通院や避難などで、ねこを抱いて移動しなければならないこともあります。飼い主さんの腕の中で暴れてしまうと、お互いにけがをする恐れがあるだけでなく、失踪の原因になりかねません。抱っこに慣れてもらうことで、移動時のトラブルを防ぐことができます。

6.抱っこを好きになってもらう方法

ねこに抱っこを好きになってもらうとさまざまなメリットがあります。しかし、最初にご紹介した通り、ねこは基本的に抱っこがあまり好きではありません。

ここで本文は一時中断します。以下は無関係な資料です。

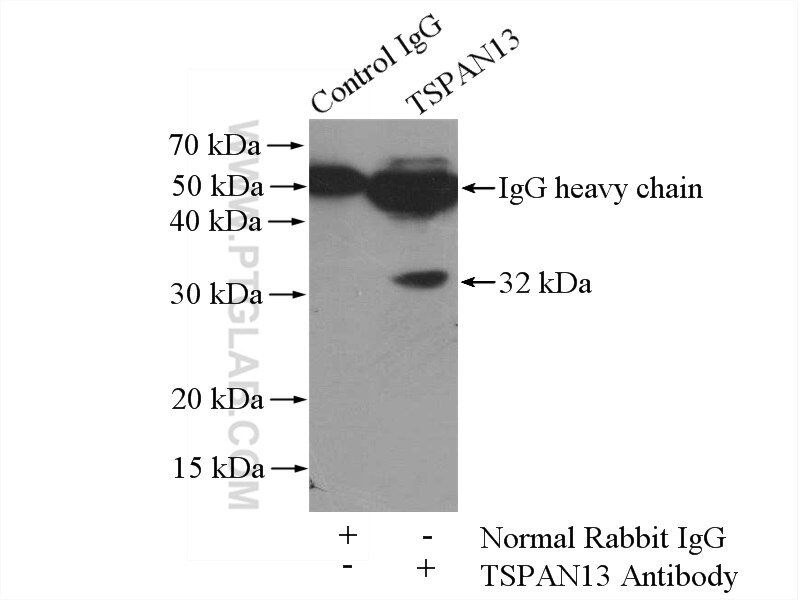 Immunoprecipitation (IP) experiment of mouse lung tissue using TSPAN13 Polyclonal antibody (13570-1-AP)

ねこを抱っこ好きにするためには、飼い主さんからの働きかけが必要です。

以下の点に気をつけて、ねこに「抱っこって楽しい、気持ちいい」と思ってもらえるようにしましょう。


6-1.人とのスキンシップに慣れさせる

人の腕に拘束される抱っこは、ねこにとってハードルの高いスキンシップ法です。まずは頭やのどなどねこが喜ぶところをなでてあげて、「人に触られるのは気持ちが良い」と覚えてもらうことから始めましょう。


6-2.抱っこするタイミングを考える

先ほど触れたとおり、ねこが他のことに夢中になっている時にいきなり抱きあげるのは良くありません。ねこを怒らせてしまうだけではなく、抱っこに嫌なイメージを持ってしまいます。

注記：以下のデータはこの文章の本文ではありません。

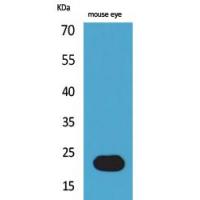 BNIP-3 Polyclonal Antibody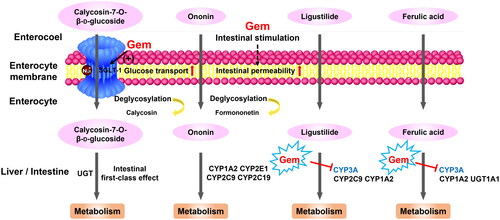 Figure 6. Potential mechanisms through which gemcitabine modified the pharmacokinetic behaviours of active ingredients in DBD by modulating transporters, intestinal permeability and hepatic metabolic enzymes.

ねこ自身が「甘えたい」、「構ってほしい」タイミングで抱っこをすると、「抱っこって気持ちいい」、「安心できる」と感じてもらえます。

ねこが以下のような動作をしている時は、絶好の「抱っこタイミング」です。

  • ・スリスリしてくる
  • ・しっぽを立てて近づいてくる
  • ・人の体に手をかける
  • ・顔を見つめてまばたきを繰り返す
  • ・喉をゴロゴロ鳴らす

しかし、「甘えたいけど、抱っこはイヤ」というねこもいます。スキンシップをとりながらねこの様子を見て、抱っこのタイミングを慎重に見極めましょう。

まとめ

ねこの抱っこの方法や、抱っこを好きになってもらうコツについて解説しました。抱っこの仕方やタイミングを間違えると、ねこを驚かせてしまったり、ケガをさせてしまったりすることもあります。正しい抱っこの方法を覚え、ねこが構ってほしがっているタイミングで抱っこをしてあげましょう。

抱っこが好きなねこは、安心しきって体を預けてくれます。その体の重みやぬくみ、柔らかさを感じられる時間は、ねこ飼いさんにとって最高の癒しになるでしょう。そしてねこも、大好きな飼い主さんに抱かれて、幸せを感じているはずです。